Mom insisted we have a picnic—fried chicken, green grapes, and iced tea—while we waited for God knows who to arrive. All I wanted to do was hang out with my friends, so I went up on the rock and pretended I wasn’t related to those people in the car. Before long, a steady stream of traffic appeared on the highway coming from town. People, old and young, started to . . . show up. Five hundred men, women, and Boy Scouts all came out from Casper, driving 60 miles to listen to my dad. I was dumbfounded.

Mr. Bragg waited until everyone had eaten and watched the spectacular sunset. Then, when the stars started to twinkle and the Milky Way appeared like a theatrical backdrop in a wild Wyoming sky, he stood up and everyone got quiet. He took a small lectern out of the back of the station wagon, put it on top of the hood, flicked on a pen-light and read “The Ghost of Ft. Laramie” to a rapt audience. And then he read another story, and another. We were completely silent in the hands of a master storyteller for two hours. I finally got it. My dad was awesome.

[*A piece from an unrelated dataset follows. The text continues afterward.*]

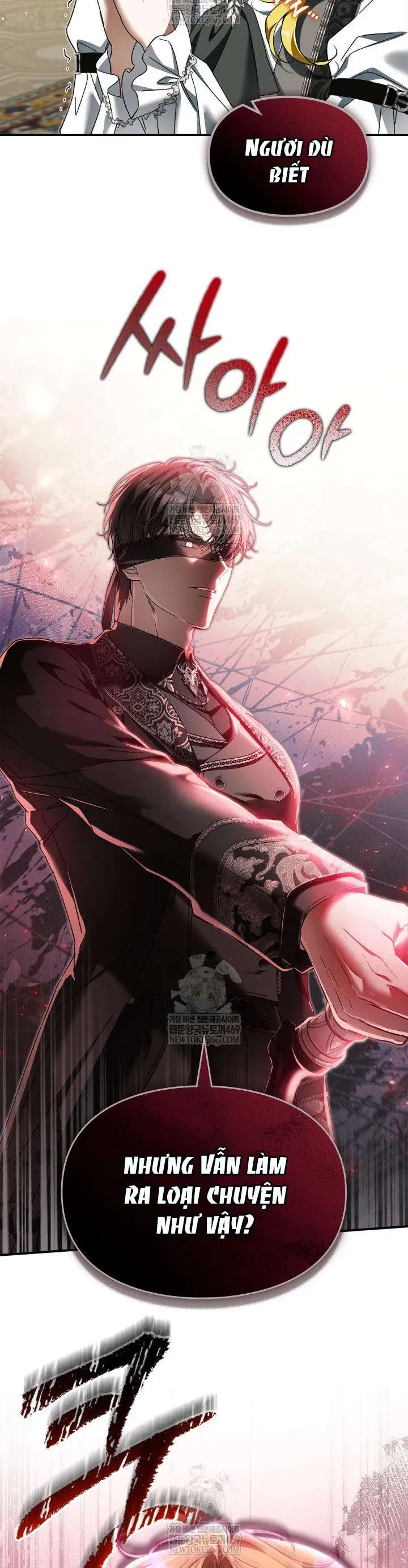 Tôi Đã Đính Hôn Với Vị Công Tước Mù. Chapter 22 - Trang 3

In the seventies, my Dad, a proud Republican for many years, was deeply affected by national scandals such Watergate and the secret war in Cambodia. A man of conviction and loyalty who was the former executive secretary of Wyoming’s Republican Party, he felt bitterly betrayed when Nixon had to resign in dishonor. He openly wept about it. I told him to get the hell out of politics and write his cowboy stories, full time. He walked away from politics, saying, “I wash my hands of it.”

Because of this, his last ten years were fruitful and joyful, and we have his stories to share. He published three novels and two short story collections, along with a history of Wyoming. Unfortunately, he was taken from us far too early, by cancer, with five novels and many stories still percolating in his head. On his deathbed, I promised him I would continue to share his work with the world.

For many years, William F. Bragg, Jr., charged nothing for his lectures at schools and in the community, and many of my friends who have contributed to our show remember him vividly from when they were children. One still reads the stories from Wyoming, Wild and Wooly to his kids at bedtime.

What a tribute to my Dad. He would be so pleased to know that his legacy lives on.